The demo opens at the canonical Block 4 scenario and starts playing automatically: \(v_\text{true} = 20\) m/s, \(\sigma_\text{meas} = 30\) m, measurement interval = 10 s, \(\sigma_\text{process} = 10\) m/√s, initial estimate \(-100\) m with \(\sigma_0 = 200\) m. Try the following:

  1. Watch the first measurement at \(t = 10\) s. Pause the animation right after. The estimate (navy diamond) was 100 m off truth at \(t=0\) with a large covariance bar; the prior at \(t=10^-\) is still 100 m off but now slightly more uncertain (\(P^-\) has grown by \(Q \cdot t\)). The first measurement arrives, the gain is essentially 1 (because \(P^-\) at this point dwarfs \(R\)), and the estimate snaps onto the measurement. The covariance bar abruptly tightens. The Kalman gain panel shows this first update as a high dot (close to 1).

  2. Let it play through. After two or three update cycles the gain settles around 0.6. That is the steady-state Kalman gain: the value where the prediction step’s growth (\(Q \cdot \text{interval}\)) is exactly balanced by the measurement update’s shrink. From here on, the bounds widen and snap tighter periodically, but their post-update value stops shrinking.

  3. Slide \(\sigma_\text{meas}\) up to 80 m. The measurement is now much noisier than the prediction; the gain converges to a smaller steady-state value (the filter trusts measurements less). The bounds stay relatively wider; the post-update jumps in the position panel are smaller. Slide it back down to 5 m and the gain converges close to 1 — the filter all but ignores its prior between updates and snaps onto every measurement.

  4. Slide \(\sigma_\text{process}\) up to 25 m/√s. Bounds grow much faster between updates. The gain converges higher — when the prediction is uncertain, the filter trusts measurements more. This is the \(Q\) vs \(R\) tug-of-war the reading describes.

  5. Slide the measurement interval up to 30 s. Bounds grow visibly between the now-rare updates. Steady-state gain shifts higher (because \(P^-\) has more time to grow before each update). At very long intervals the filter is essentially open-loop between fixes.

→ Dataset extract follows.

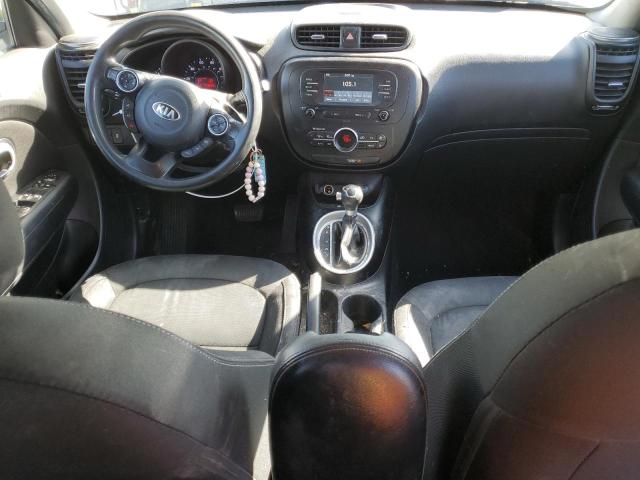 2017 KIA SOUL + - KNDJP3A57H7880564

  6. Set \(v_\text{model} \neq v_\text{true}\) (e.g. 15 vs 20). The estimate slowly slides off truth between updates and gets yanked back at each measurement. The error panel shows characteristic sawtooth behavior; the gain stays high because the filter never converges to a tight prior. Model mismatch shows up as a structurally biased error, not as wider bounds — a tight CI does not protect you from a wrong model.

  7. Pause and scrub. Drag the time slider; the live track, all three time cursors, and the stats card all update in lockstep. Use this to inspect the filter state at any time of interest. Pressing Play resumes from wherever you scrubbed to.

Key observations#

  • The gain converges. The Kalman gain is not a fixed value — it depends on the current \(P^-\), which depends on the run’s history of \(Q\) growth and \(R\) updates. With time-invariant \(Q\) and \(R\), the gain settles into a steady state, and \(P^+\) approaches a fixed point. This is the discrete-time Riccati equation reaching equilibrium.

  • Bounds shrink at updates, grow between. This is the visible signature of \(P^+ = (1-K) P^-\) followed by \(P^- = P^+ + Q\,\Delta t\). Watch the position panel: the dashed red bounds make a sawtooth pattern.

  • Confidence interval \(\neq\) accuracy. When \(v_\text{model} \neq v_\text{true}\), the filter still produces tight bounds but the actual error rides outside them. The CI captures noise variability around the model; if the model is wrong, the CI is wrong about something true. This is the same lesson as the Schuler bias from Block 2.

  • The first few updates do most of the work. The initial covariance shrinks dramatically after the first one or two measurements. This is why in practice the initial uncertainty \(\sigma_0\) has surprisingly little effect on long-run behavior — the filter “forgets” the prior quickly once measurements arrive.

  • Every behavior generalizes. Replace the scalar with a vector, \(F\) with a matrix, \(H\) with a measurement matrix, and the same predict-update cycle is the multi-state Kalman filter from Block 5. Same recursion, same trade-off, same tug-of-war.